YOUR ASSIGNMENT
For the listing below, the answer is an exact retyping of the lines from the one with "Color image of" through the one with "Dortmund #17 Aubameyang", both included, without pictures.

DATA SUPPLIED
———

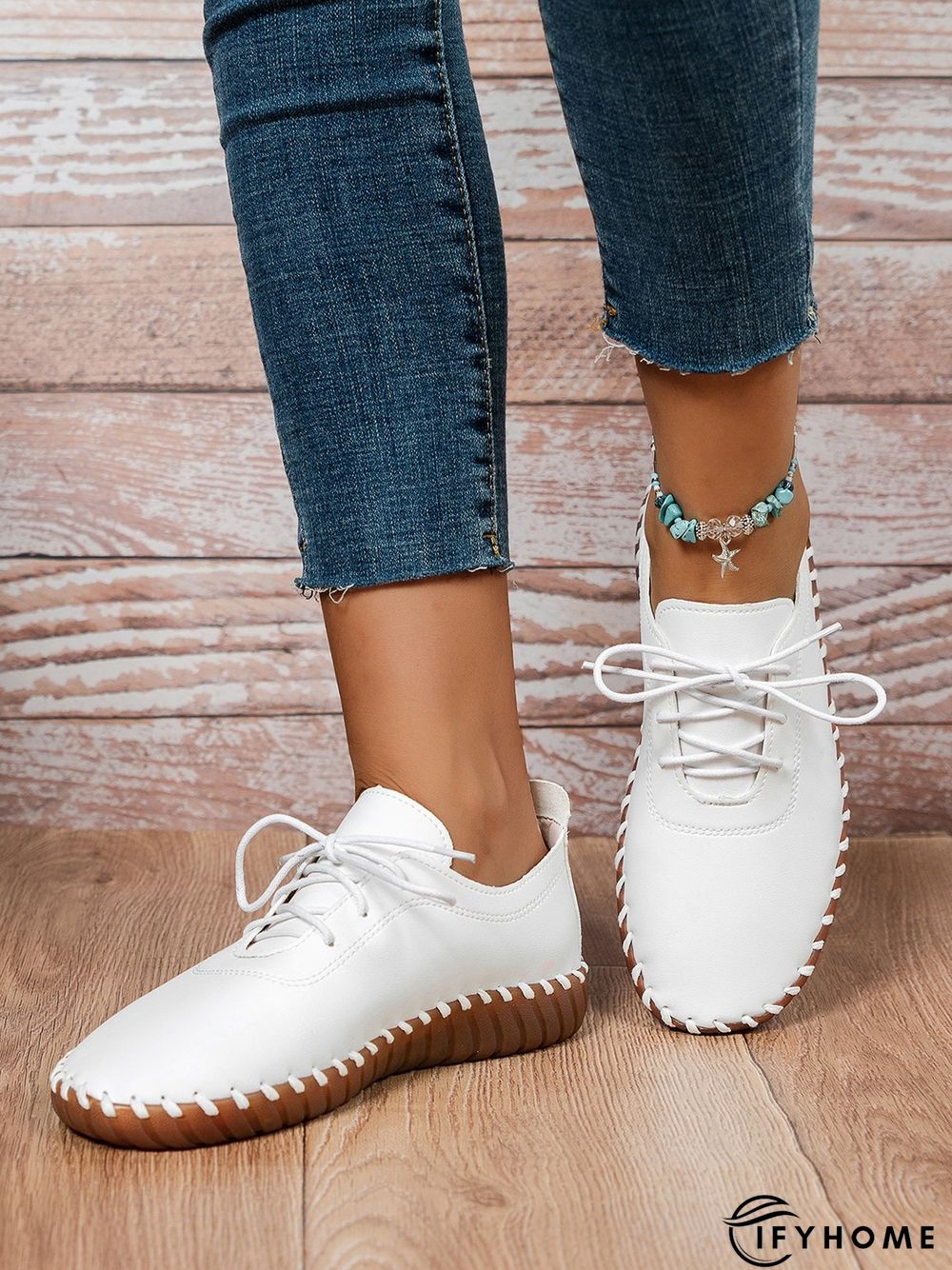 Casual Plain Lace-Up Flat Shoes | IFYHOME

———

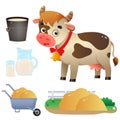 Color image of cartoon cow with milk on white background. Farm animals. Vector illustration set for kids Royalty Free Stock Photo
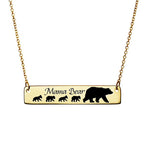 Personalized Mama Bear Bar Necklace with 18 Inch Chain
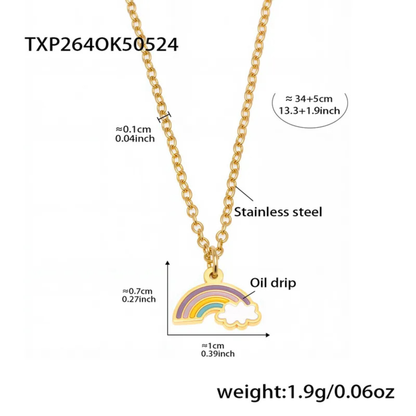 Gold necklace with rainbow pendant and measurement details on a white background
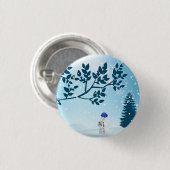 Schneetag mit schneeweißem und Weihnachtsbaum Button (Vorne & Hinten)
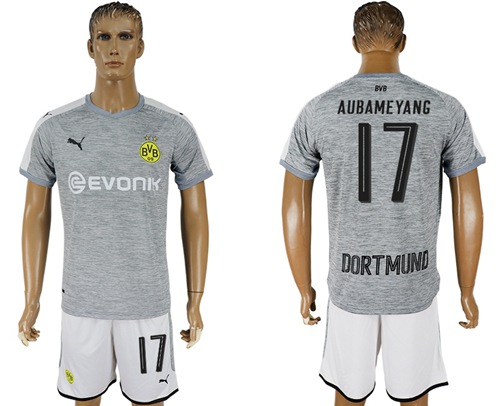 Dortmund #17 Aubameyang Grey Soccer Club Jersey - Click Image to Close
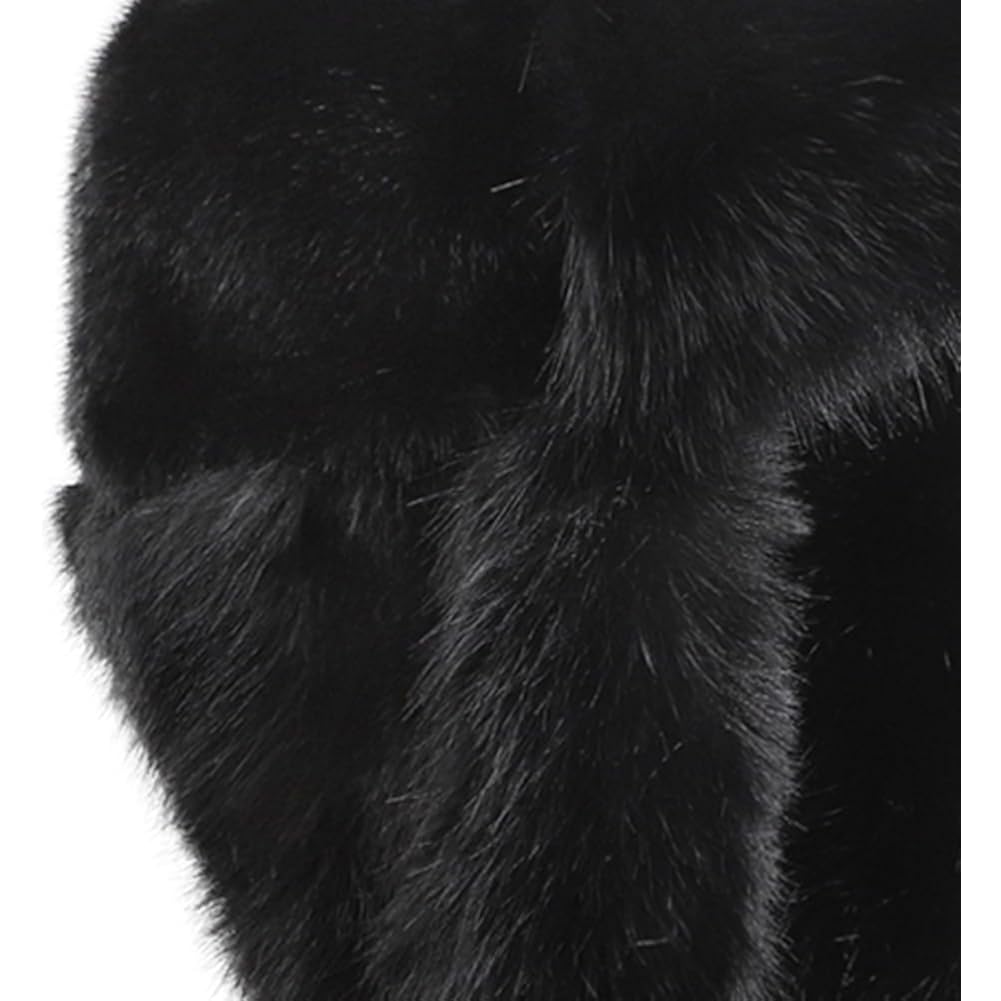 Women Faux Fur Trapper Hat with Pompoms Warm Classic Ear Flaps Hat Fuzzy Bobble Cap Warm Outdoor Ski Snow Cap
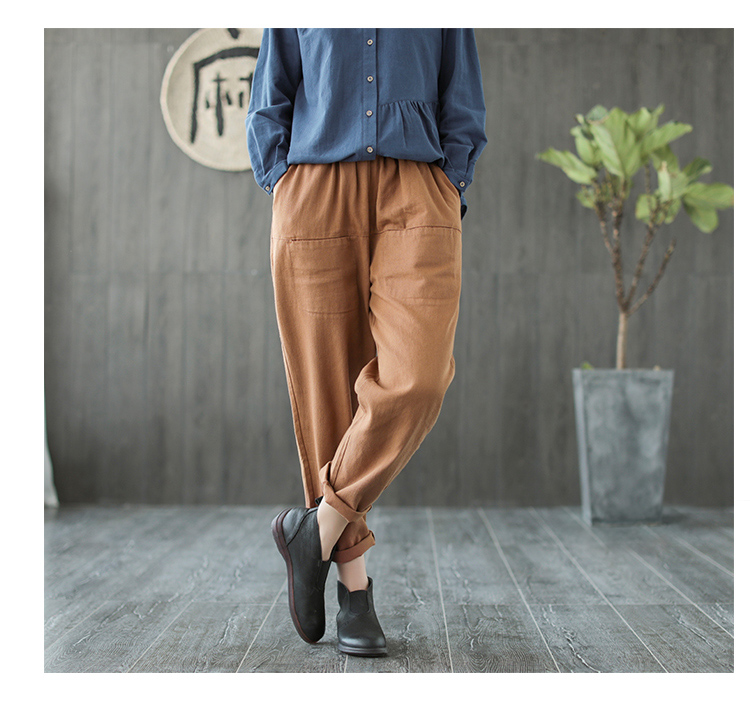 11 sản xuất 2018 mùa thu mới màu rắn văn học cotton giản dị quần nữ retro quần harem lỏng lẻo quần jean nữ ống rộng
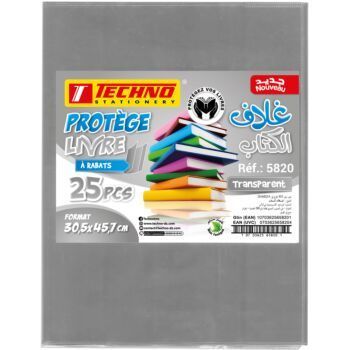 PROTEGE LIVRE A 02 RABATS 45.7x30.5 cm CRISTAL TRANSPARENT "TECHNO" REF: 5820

———

THE COMPLETED TASK
 Color image of cartoon cow with milk on white background. Farm animals. Vector illustration set for kids Royalty Free Stock Photo
 Personalized Mama Bear Bar Necklace with 18 Inch Chain
 Gold necklace with rainbow pendant and measurement details on a white background
 Schneetag mit schneeweißem und Weihnachtsbaum Button (Vorne & Hinten)
 Dortmund #17 Aubameyang Grey Soccer Club Jersey - Click Image to Close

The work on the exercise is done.